Reviewing Larry DiMatteo, Principles of Contract Law and Theory, Part VIII

February 3, 2025

This is the eighth post in my series on  Larry Di Matteo‘s Principles of Contract Law and Theory (Principles).  The aim is to call some attention to this book while using it to stimulate my thinking as I once again consider how to teach contracts law to first-year students.  Principles is a scholarly textbook addressing advanced topics at a very high level of sophistication. 

PrinciplesChapter 8 of Principles covers interpretation. This is a very important subject matter and a challenge to encapsulate and to teach. Most contracts disputes turn on interpretive matters, but each problem of interpretation turns on specific facts and specific contractual language. Hence the importance and the challenge. As noted in last week’s post, Professor DiMatteo speaks of “overt” regulation of contract enforcement through doctrinal defenses and excuses and “covert” regulation through the courts’ exercise of their interpretive discretion.

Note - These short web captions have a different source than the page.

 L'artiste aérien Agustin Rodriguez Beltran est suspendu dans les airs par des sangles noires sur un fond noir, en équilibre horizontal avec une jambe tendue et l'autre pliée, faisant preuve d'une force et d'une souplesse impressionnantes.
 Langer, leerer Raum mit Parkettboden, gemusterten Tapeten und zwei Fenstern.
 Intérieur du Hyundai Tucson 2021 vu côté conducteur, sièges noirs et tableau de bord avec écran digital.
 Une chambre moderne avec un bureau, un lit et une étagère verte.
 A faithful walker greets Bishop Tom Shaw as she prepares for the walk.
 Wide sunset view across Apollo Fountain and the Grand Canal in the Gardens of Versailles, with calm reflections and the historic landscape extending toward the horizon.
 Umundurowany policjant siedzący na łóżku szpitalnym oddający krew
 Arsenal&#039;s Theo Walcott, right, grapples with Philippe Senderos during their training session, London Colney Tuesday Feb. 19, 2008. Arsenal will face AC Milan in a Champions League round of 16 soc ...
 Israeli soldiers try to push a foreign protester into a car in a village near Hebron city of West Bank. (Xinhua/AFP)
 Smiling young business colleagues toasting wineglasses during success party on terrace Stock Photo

In this chapter, Professor DiMatteo focuses on the divide between formalist (a/k/a literalist or textualist) and contextual approaches to interpretation. He addresses sociological takes on contracts interpretation in Chapters 13 and 14. He begins by usefully distinguishing interpretation, construction, and rectification. (184-85) As he describes it, construction is contextual, but he discusses canons of construction later in the chapter (207-08), and these canons are arguably both part of construction and formalist. Rectification is a rather narrow part of the package, applying only when a court is empowered to correct some error that would lead to an outcome inconsistent with the clear intent of the parties.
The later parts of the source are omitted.